The House Oversight and Government Reform Committee, chaired by Henry Waxman (D, CA), spent the whole day yesterday having hearings on the Mitchell Report. Former senator George Mitchell (D, ME) did a 20-month investigation on the use of performance-enhancing drugs in baseball. Roger Clemens was accused of using human growth hormones and/or steroids by his former personal trainer, Brian McNamee. Clemens says he's lying. The hearings looked much like a trial. Waxman says he probably won't refer the case to the Justice Department for prosecution although Justice may convene a grand jury to look into whether one or the other of them committed perjury. A whole day of congressional oversight on something like this.
Bush lies us into war where hundreds of thousands of people are killed. Hearings? Nope. He kidnaps and tortures thousands of people. Hearings? Nope. He has shady dealings with corporate cronies to whom he filters billions of American taxpayer dollars in phony contracts. Hearings? Nope. He spies on Americans, wiretaps our phone conversations, e-mails, faxes. Hearings? Nope. Our most precious constitutional right, the right to vote, is being undermined by fixed elections, fixed voting machines, all driven by an ideological Justice Department. Hearings? Nope. My God, even when the vice president shoots someone in a drunken stupor, do they have hearings on that? Nope.
There's a real connection here. When a famous baseball player MAY have done something illegal to keep his job, we have congressional hearings.

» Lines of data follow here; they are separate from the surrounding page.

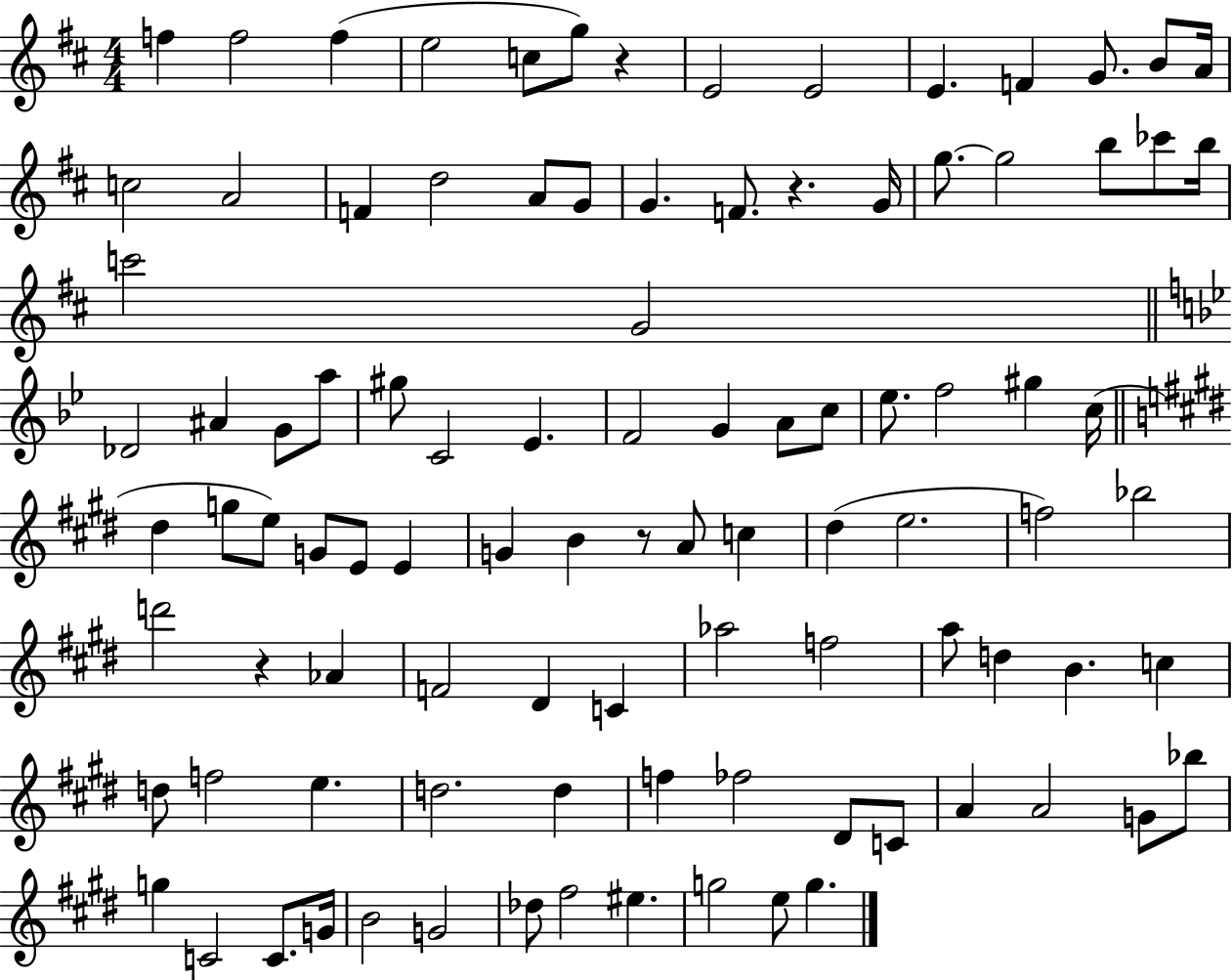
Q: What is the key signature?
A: D major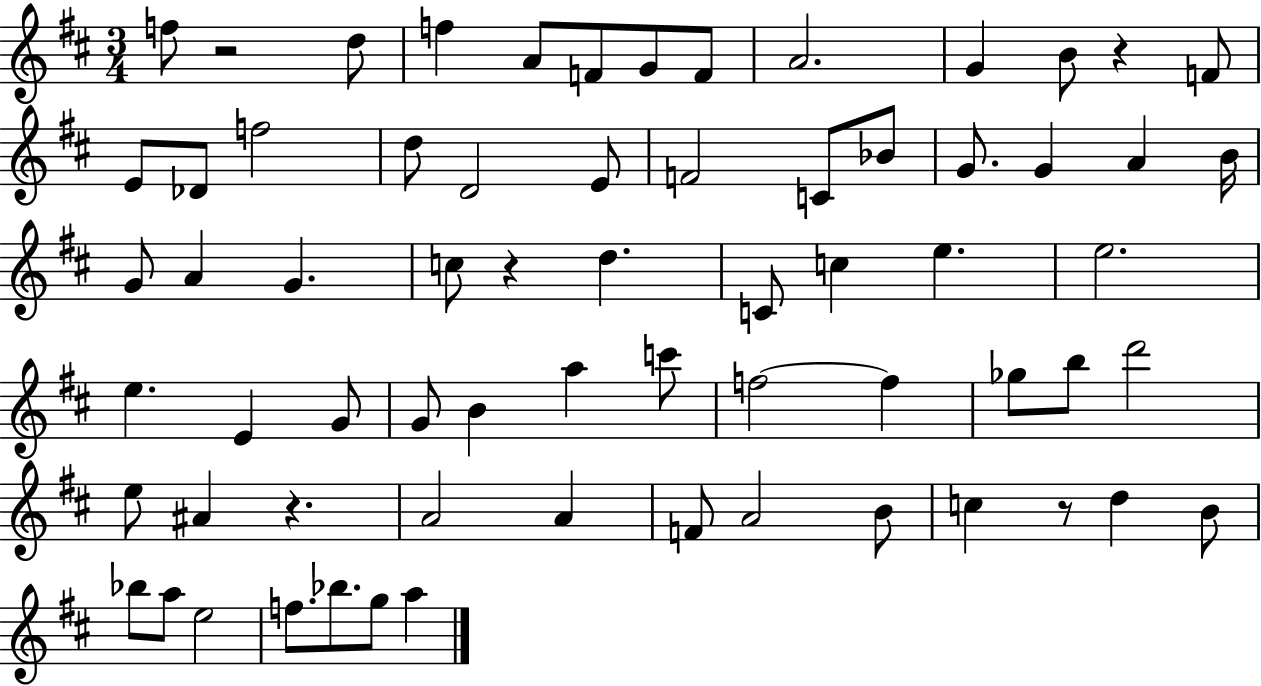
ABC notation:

X:1
T:Untitled
M:3/4
L:1/4
K:D
f/2 z2 d/2 f A/2 F/2 G/2 F/2 A2 G B/2 z F/2 E/2 _D/2 f2 d/2 D2 E/2 F2 C/2 _B/2 G/2 G A B/4 G/2 A G c/2 z d C/2 c e e2 e E G/2 G/2 B a c'/2 f2 f _g/2 b/2 d'2 e/2 ^A z A2 A F/2 A2 B/2 c z/2 d B/2 _b/2 a/2 e2 f/2 _b/2 g/2 a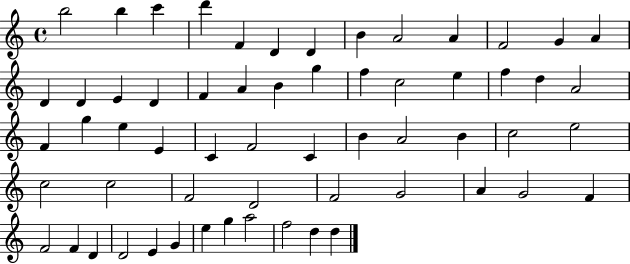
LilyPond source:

{
  \clef treble
  \time 4/4
  \defaultTimeSignature
  \key c \major
  b''2 b''4 c'''4 | d'''4 f'4 d'4 d'4 | b'4 a'2 a'4 | f'2 g'4 a'4 | \break d'4 d'4 e'4 d'4 | f'4 a'4 b'4 g''4 | f''4 c''2 e''4 | f''4 d''4 a'2 | \break f'4 g''4 e''4 e'4 | c'4 f'2 c'4 | b'4 a'2 b'4 | c''2 e''2 | \break c''2 c''2 | f'2 d'2 | f'2 g'2 | a'4 g'2 f'4 | \break f'2 f'4 d'4 | d'2 e'4 g'4 | e''4 g''4 a''2 | f''2 d''4 d''4 | \break \bar "|."
}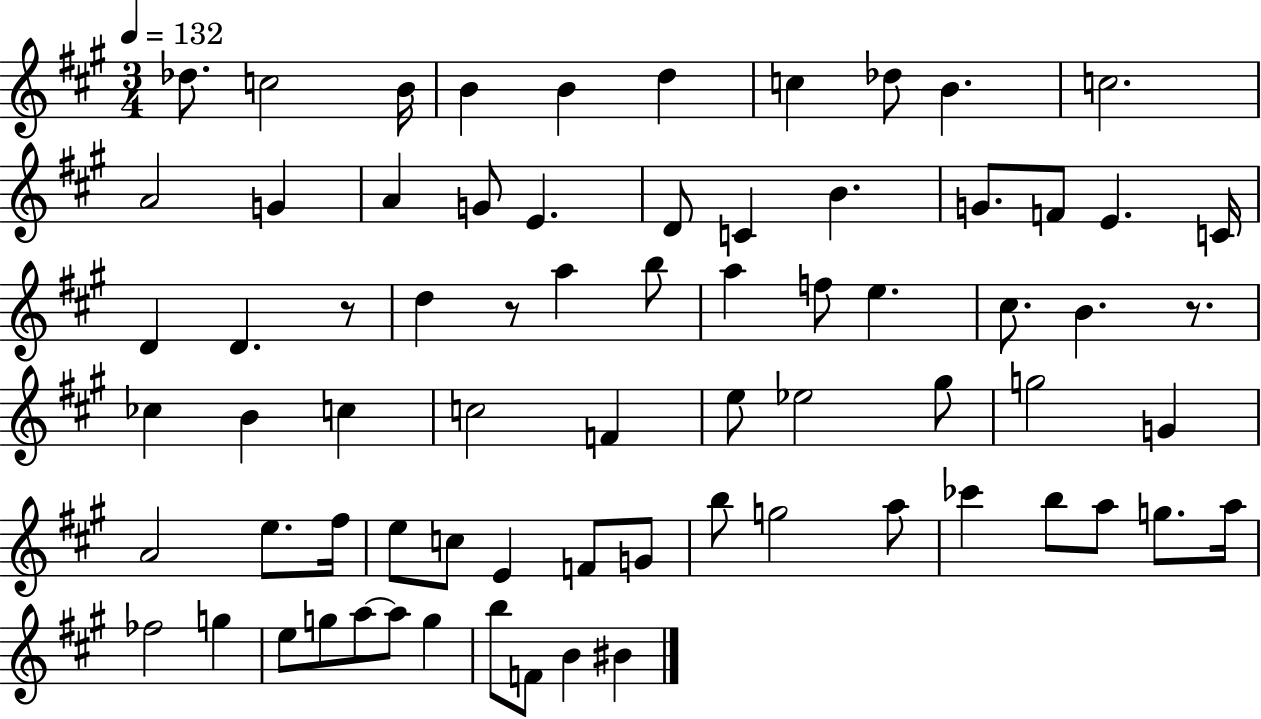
Db5/e. C5/h B4/s B4/q B4/q D5/q C5/q Db5/e B4/q. C5/h. A4/h G4/q A4/q G4/e E4/q. D4/e C4/q B4/q. G4/e. F4/e E4/q. C4/s D4/q D4/q. R/e D5/q R/e A5/q B5/e A5/q F5/e E5/q. C#5/e. B4/q. R/e. CES5/q B4/q C5/q C5/h F4/q E5/e Eb5/h G#5/e G5/h G4/q A4/h E5/e. F#5/s E5/e C5/e E4/q F4/e G4/e B5/e G5/h A5/e CES6/q B5/e A5/e G5/e. A5/s FES5/h G5/q E5/e G5/e A5/e A5/e G5/q B5/e F4/e B4/q BIS4/q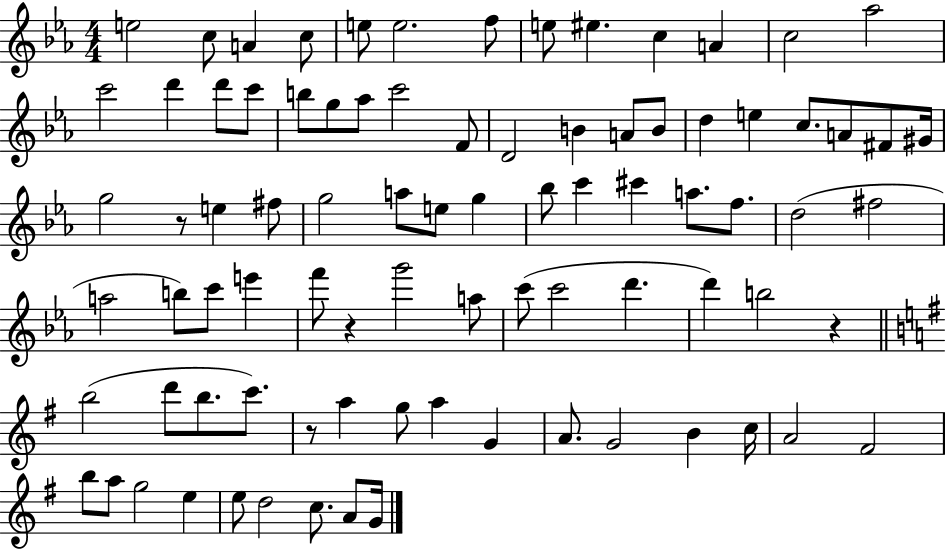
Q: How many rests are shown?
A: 4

But when Bush DOES do something illegal to keep his job, do we have congressional hearings? Not on your life. We give immunity from prosecution to the witnesses and collaborators to his lawbreaking so that the truth never comes out.
Abraham Lincoln called this a country "Of the people, by the people, and for the people." George W. Bush calls it a country "Of the corporations, by the corporations, and for the corporations." And the U.S. Congress agrees. Talk about outrage.